[TASK GOAL] The line with "woman playing beach" marks the first line to copy, and the line with "A Car Traveling on the Road During Sunset" marks the last. Transcribe that stretch of the data below exactly, without pictures.

[RECORDS SUPPLIED]
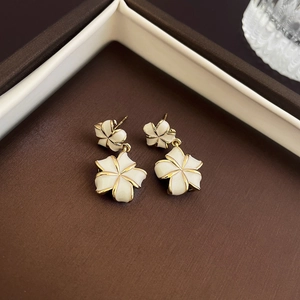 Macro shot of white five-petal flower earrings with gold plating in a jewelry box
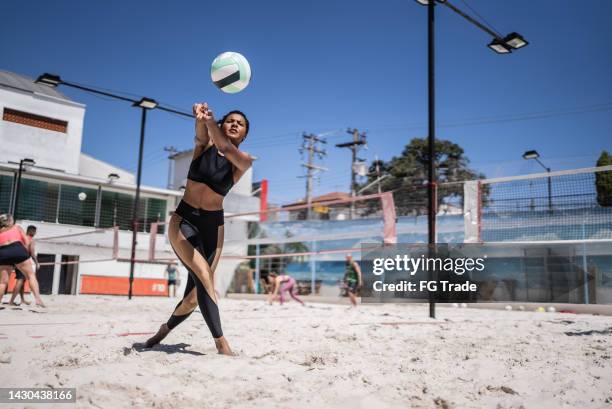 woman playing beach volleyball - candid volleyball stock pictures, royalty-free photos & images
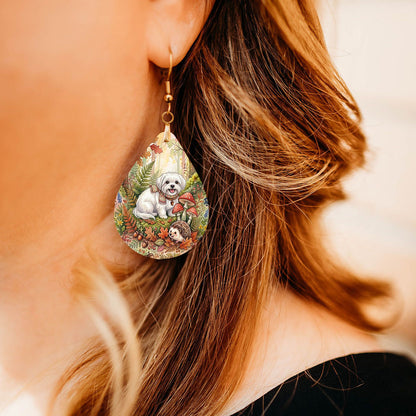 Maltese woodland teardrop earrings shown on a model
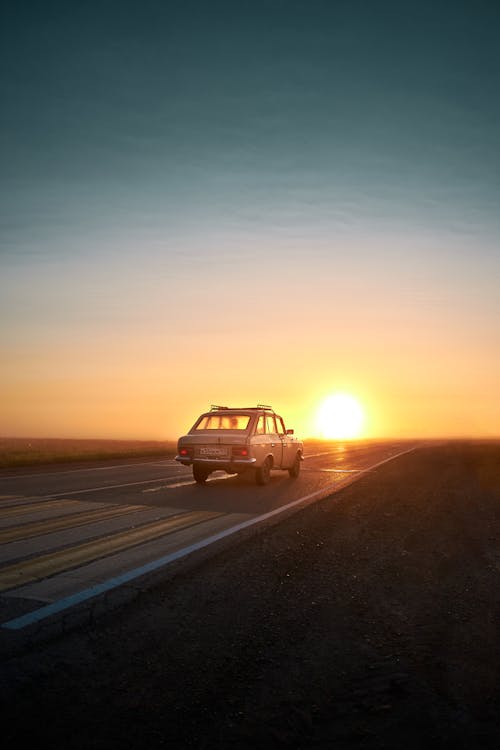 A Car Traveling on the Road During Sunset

==

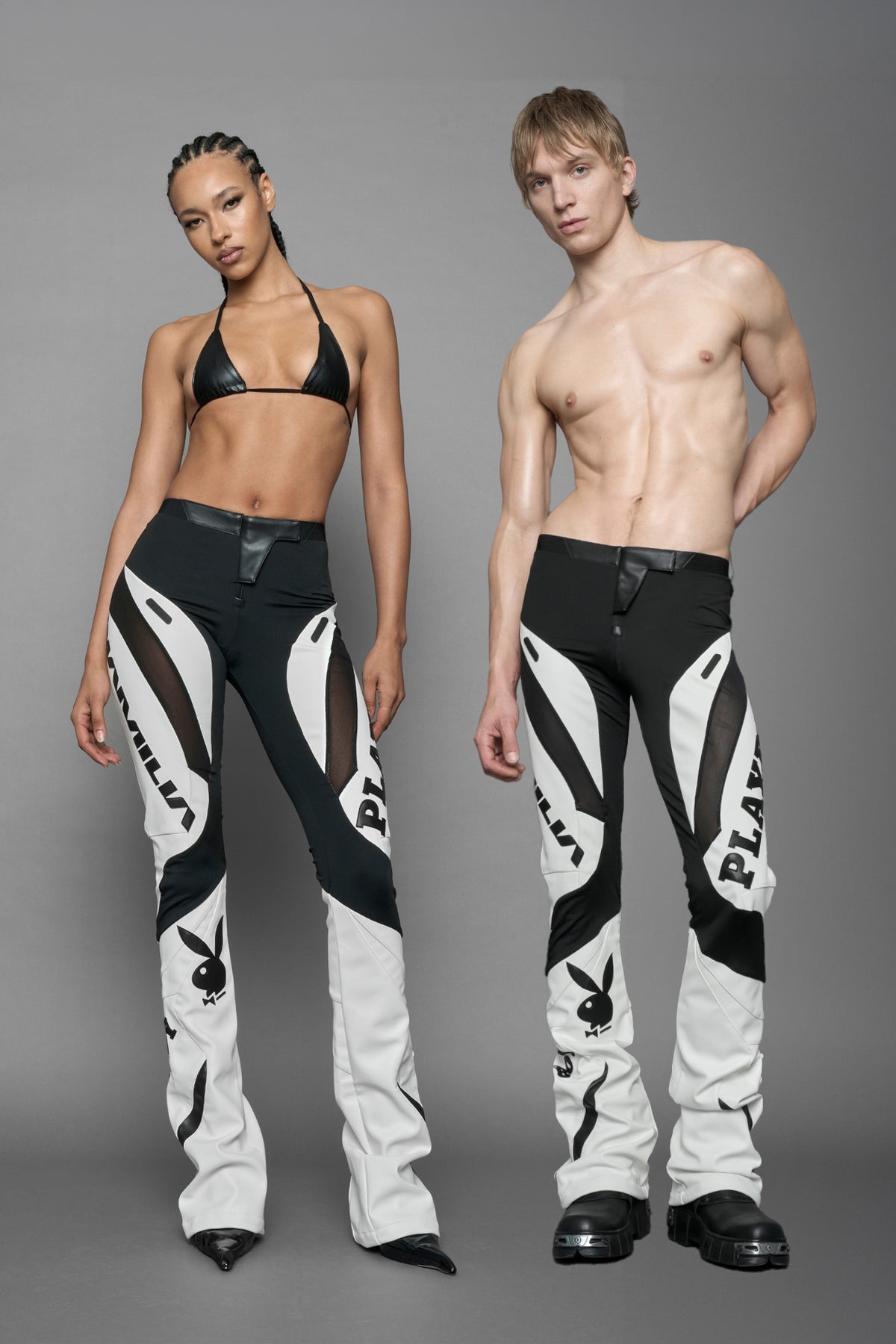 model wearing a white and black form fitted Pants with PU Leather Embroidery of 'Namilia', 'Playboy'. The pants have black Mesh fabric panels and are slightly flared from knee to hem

* * *

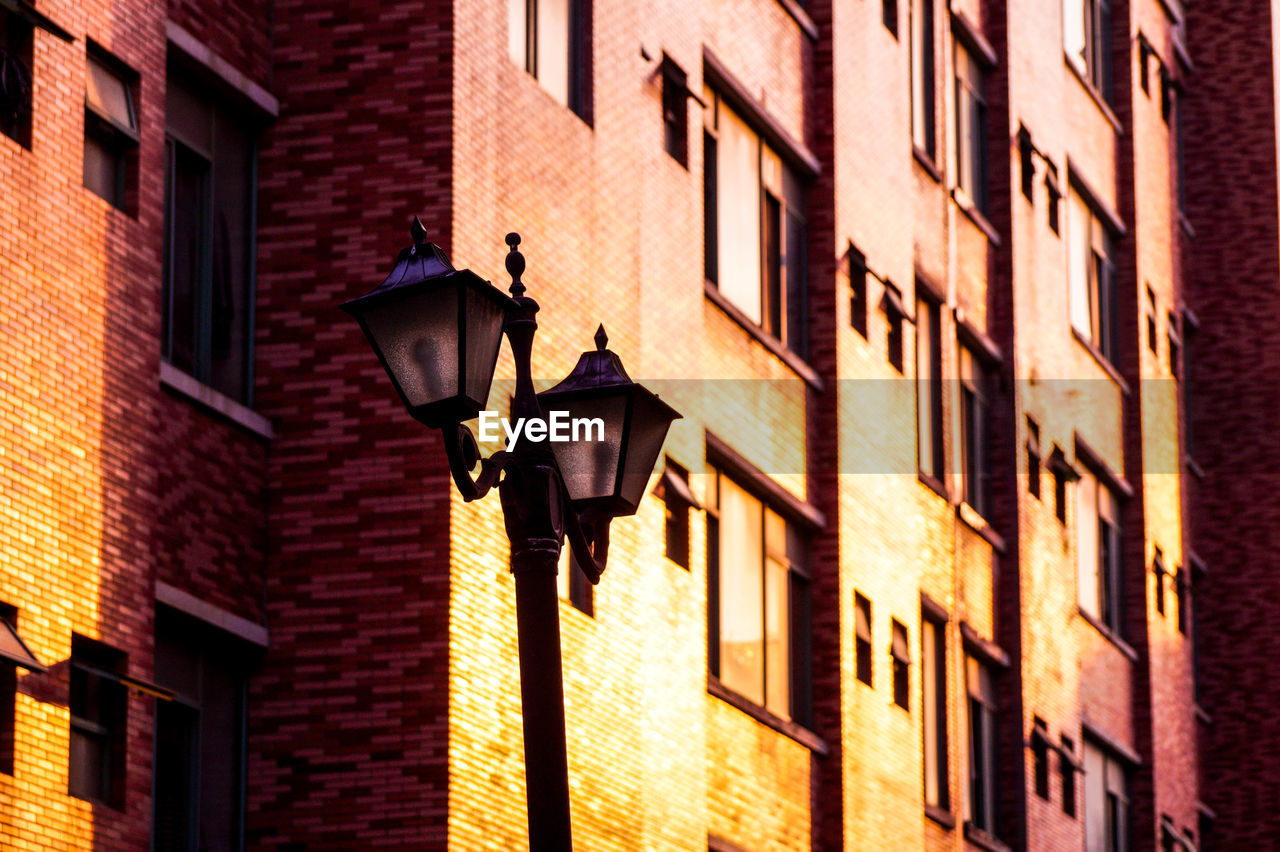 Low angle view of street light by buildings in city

[TASK ANSWER]
 woman playing beach volleyball - candid volleyball stock pictures, royalty-free photos & images
 Maltese woodland teardrop earrings shown on a model
 A Car Traveling on the Road During Sunset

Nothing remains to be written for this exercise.